§ **Problem to solve**:
Begin with the line that holds "Dewalt DW9109 Vehicle" and retype through the last line of the listing below, exactly; pictures are not part of the copy.

§ **Dataset extract**:
————

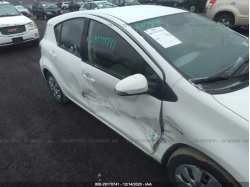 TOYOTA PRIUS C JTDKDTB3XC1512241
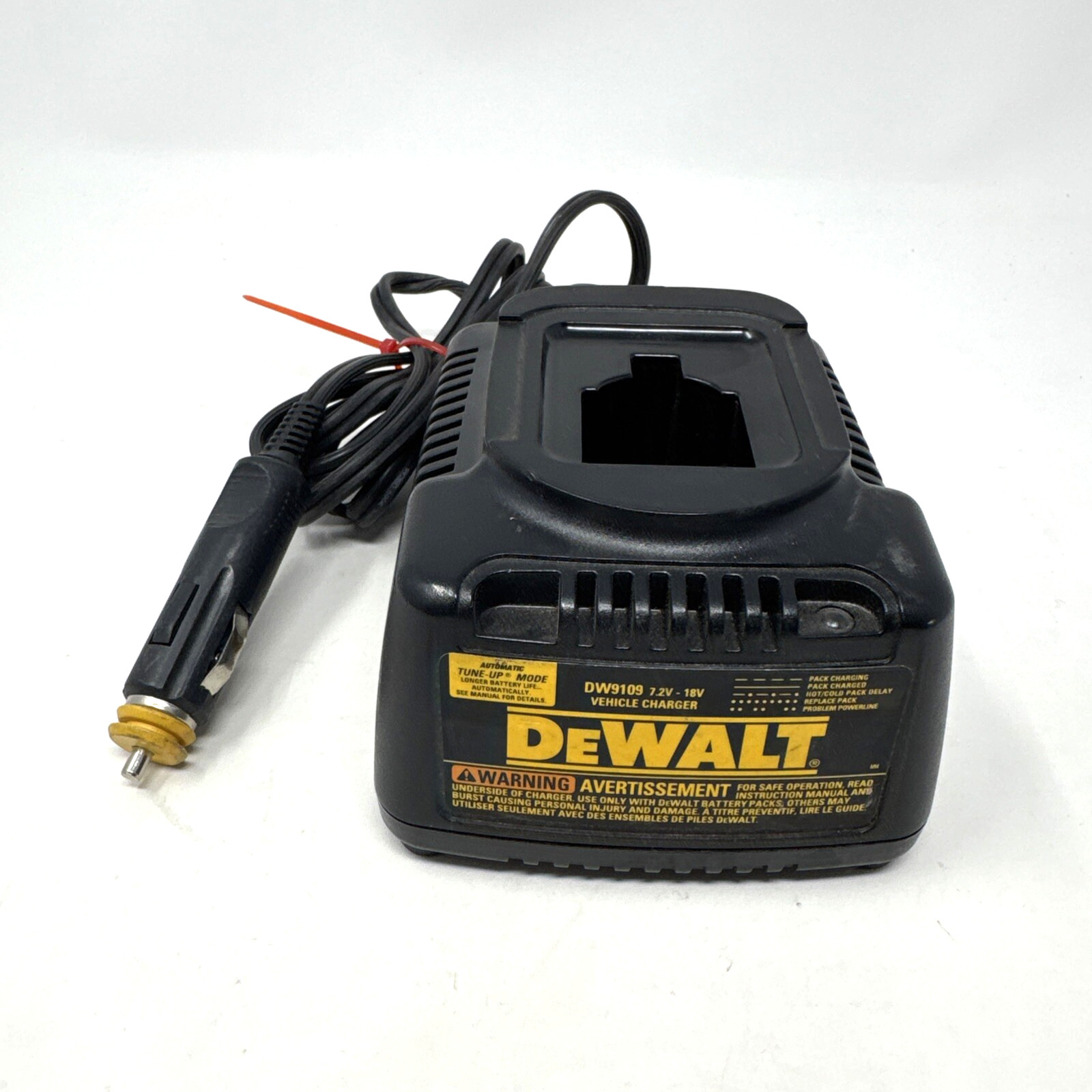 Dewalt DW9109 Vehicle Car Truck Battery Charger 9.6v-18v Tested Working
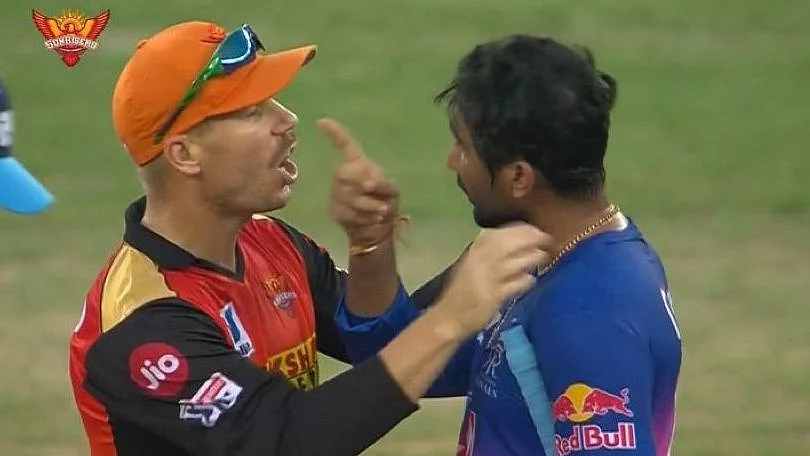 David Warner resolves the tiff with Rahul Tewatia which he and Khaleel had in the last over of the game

————

§ **Task response**:
 Dewalt DW9109 Vehicle Car Truck Battery Charger 9.6v-18v Tested Working
 David Warner resolves the tiff with Rahul Tewatia which he and Khaleel had in the last over of the game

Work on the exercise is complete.